Aleph numbers = these are cardinals sizes of infinity; depending on your choice of axioms, ZFC or not, you have the continuum hypothesis of aleph0 = naturals, aleph1= 2^N = Continuum
Beth numbers are transfinite ordinals => they generalize infinitesimals like the 1st, 2nd, 3rd. so you can think of them as a dual or co-algebra (I'm hand waving here, it's been twenty years since real analysis).
Betti numbers are for persistent cohomology; they track holes similar to genus
I mean there's a lot to cover between tropical geometry, differential geometry, and algebraic analysis. So sometimes alarm bells are false alarms and your random internet commenter knows what he's talking about but is admittedly too sloppy but it's 5 pm on a Saturday and I wrote that in the morning while making breakfast eggs, not for submission to the annals of Mathematics!
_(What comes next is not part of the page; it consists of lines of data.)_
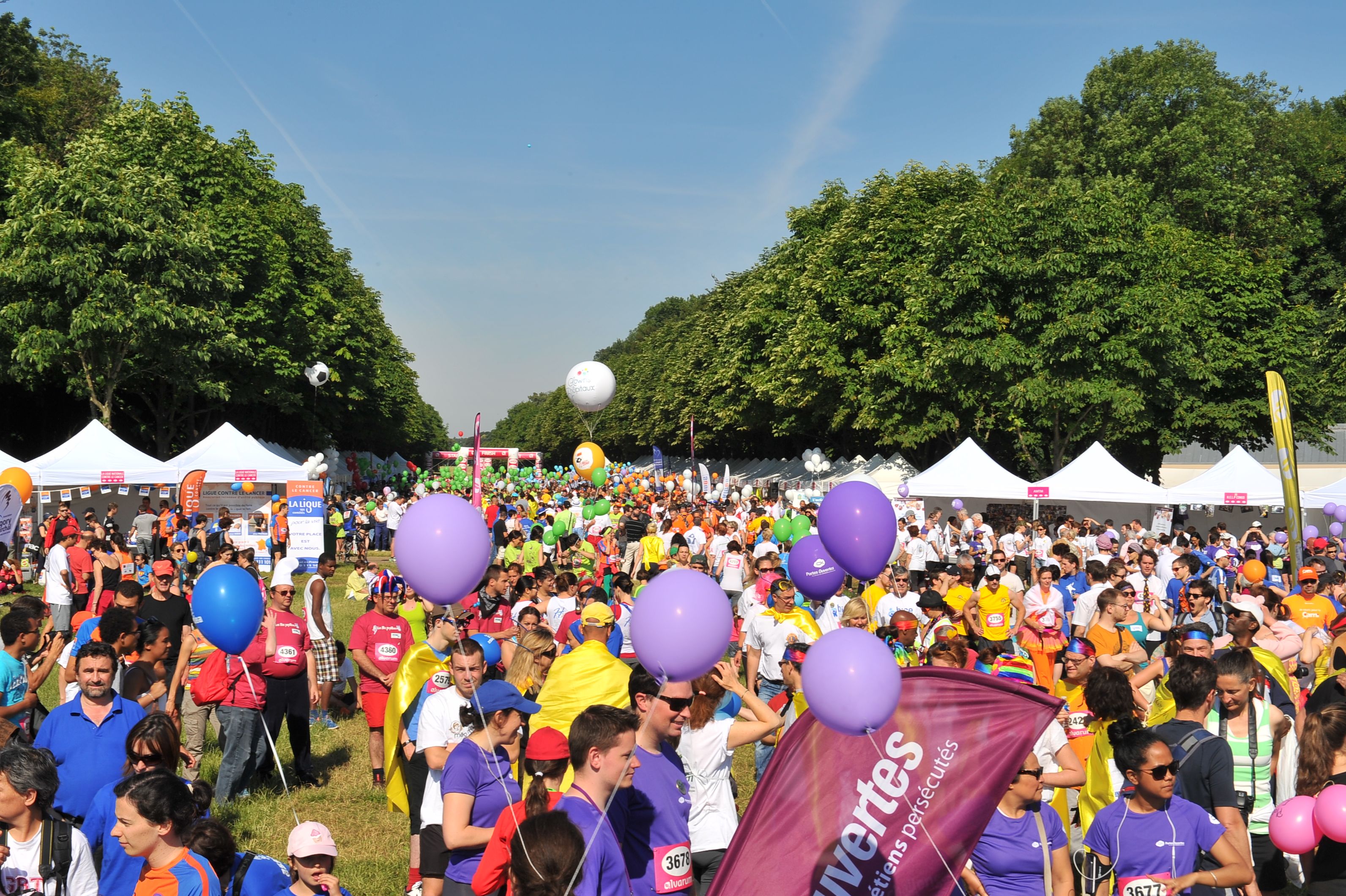 La course des héros 2015 de la Ligue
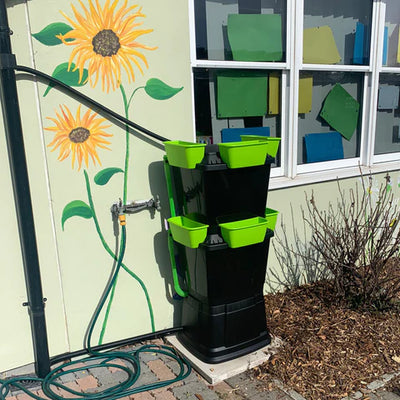 Water butts for schools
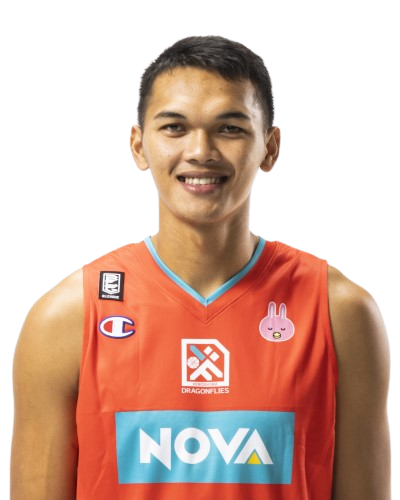 Player image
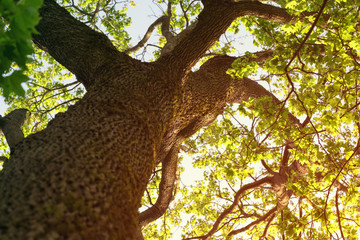 sunny summer photo of maple tree from below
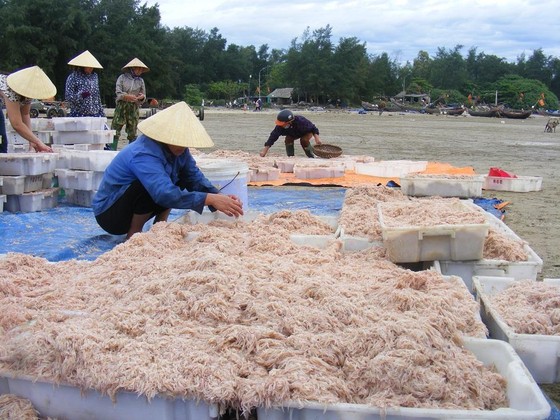 Được mùa ruốc biển ảnh 11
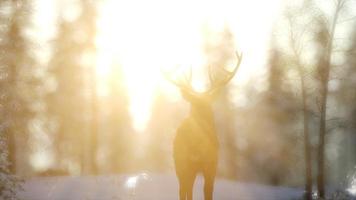 macho de cervo nobre orgulhoso na floresta de neve de inverno foto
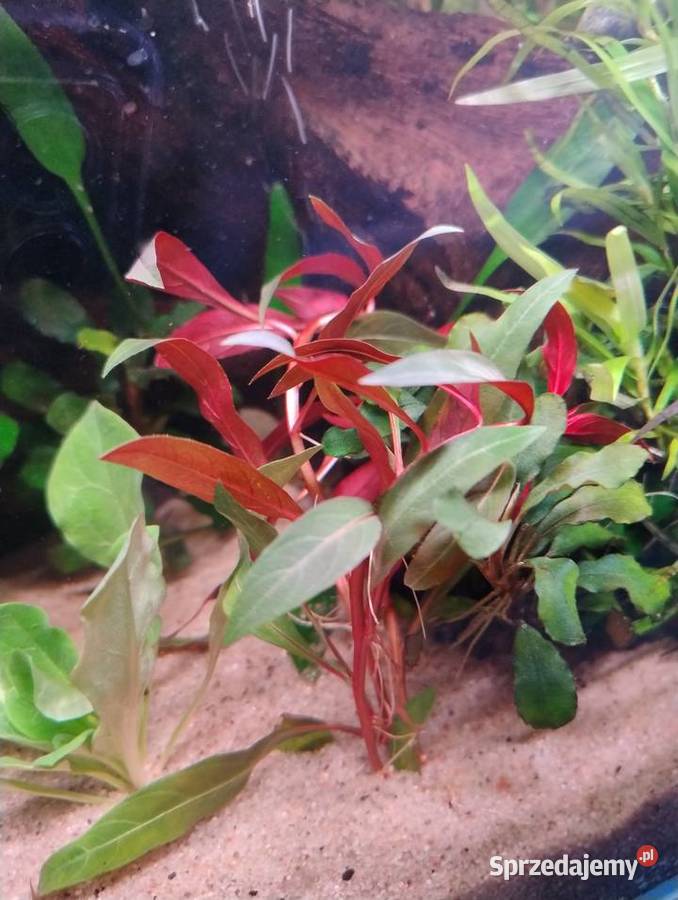 Rośliny do akwarium Bucefalandra Reinecki Kielce sprzedam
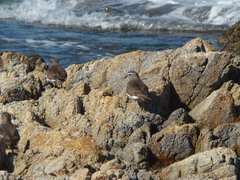 Charadrius modestus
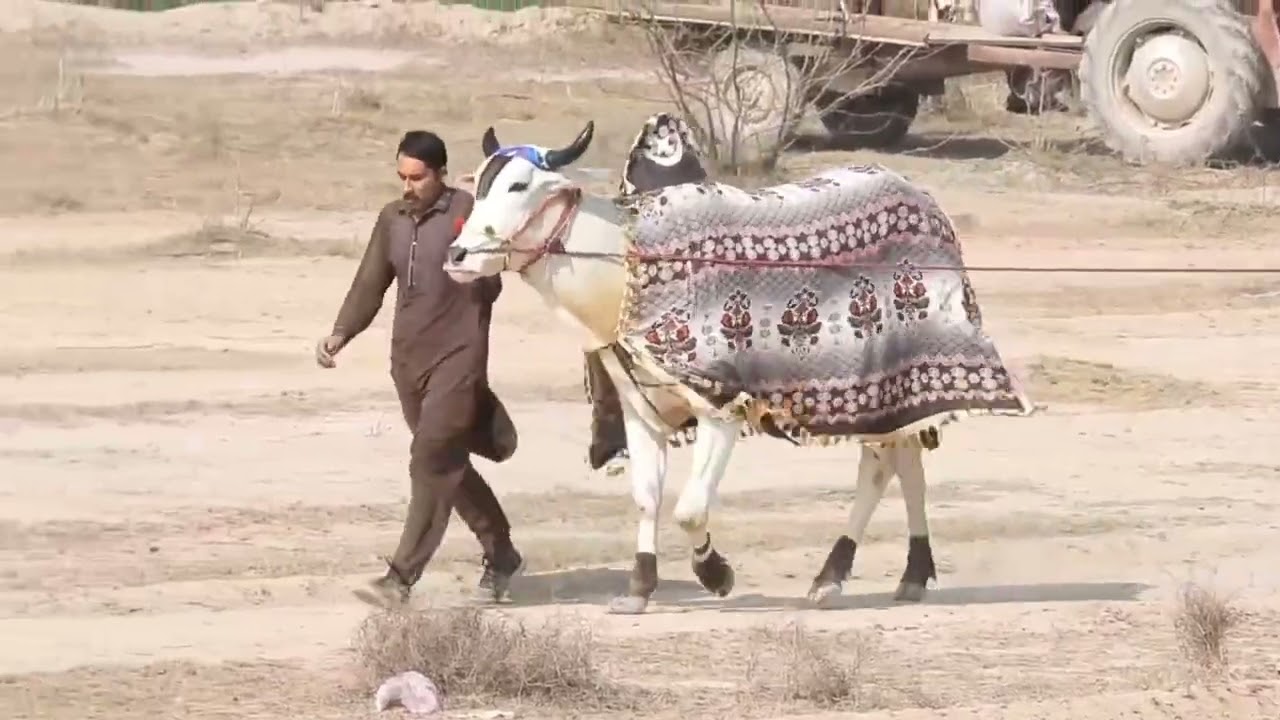 06 February 2026 phari round ground 519 Wala Toba Tek Singh #baldondashokeenmehkama 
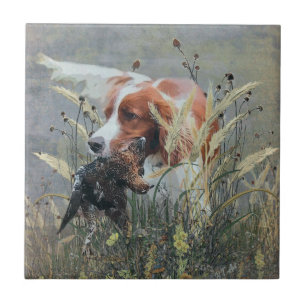 Carreau Chasse avec Epagneul Breton  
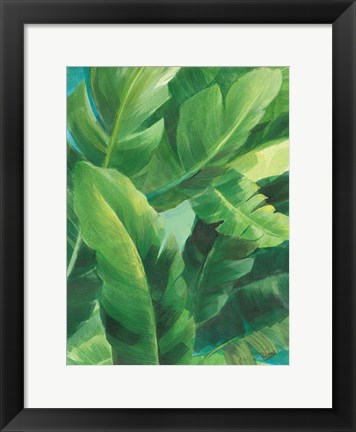 Framed Palms of the Tropics II Print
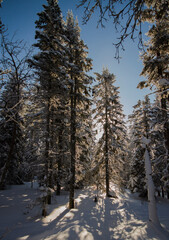 winter forest in the snow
Thank you for coming to my TED Stand Up Talk.
More math at the GitHub: http://github.com/ikrima/topos.noether
Also, if you're really that uptight, most of this is actually to teach algebraic topology to my autistic nonverbal nephew because I'm gonna gamify it as a magic spell system
So it'll be open source and that begs the question, if you use it to learn something, did that mean I just zero-proof zero-knowledge something out of you that I didn't even need to know by making a self referential statement across both space & time?
peace out my ninja!
The comment you're replying to already explained what aleph, beth and Betti numbers are. (But a few nitpicks: 1. Beth numbers are not ordinals, they're cardinals. They're indexed by ordinals, just as the alephs are, but if that's what you care about why not use the ordinals themselves? 2. I'm not seeing how you get from "Beth numbers are indexed by ordinals" to "they generalize infinitesimals" to "you can think of them as a dual". Not saying there isn't something there, but I think you could stand to unpack it a bit if so. 3. Betti numbers are not only for persistent (co)homology; they were around long before anyone had thought of persistent (co)homology.)
It's certainly possible (as I explicitly said before) that my bad-math-alarms have hit a false positive here. You haven't convinced me yet, for what it's worth. (You need not, of course, care whether you convince me or not. It's not as if my opinion is likely to have any effect on you beyond whatever you might feel about it.)